- **Your task**: Write out, word for word, only the lines from the one containing "Bán nhà Minh" through the final line of the data.

Stored dataset items:

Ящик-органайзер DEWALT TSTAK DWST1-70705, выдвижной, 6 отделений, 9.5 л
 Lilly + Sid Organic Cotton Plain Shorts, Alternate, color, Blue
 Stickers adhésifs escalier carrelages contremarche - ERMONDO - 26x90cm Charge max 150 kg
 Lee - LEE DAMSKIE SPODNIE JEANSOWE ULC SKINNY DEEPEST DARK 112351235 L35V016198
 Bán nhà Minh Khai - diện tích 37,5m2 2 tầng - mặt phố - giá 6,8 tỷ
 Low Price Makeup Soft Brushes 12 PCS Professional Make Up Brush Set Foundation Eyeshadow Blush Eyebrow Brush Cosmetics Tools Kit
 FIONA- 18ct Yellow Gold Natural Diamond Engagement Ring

- **Solution below**:
 Bán nhà Minh Khai - diện tích 37,5m2 2 tầng - mặt phố - giá 6,8 tỷ
 Low Price Makeup Soft Brushes 12 PCS Professional Make Up Brush Set Foundation Eyeshadow Blush Eyebrow Brush Cosmetics Tools Kit
 FIONA- 18ct Yellow Gold Natural Diamond Engagement Ring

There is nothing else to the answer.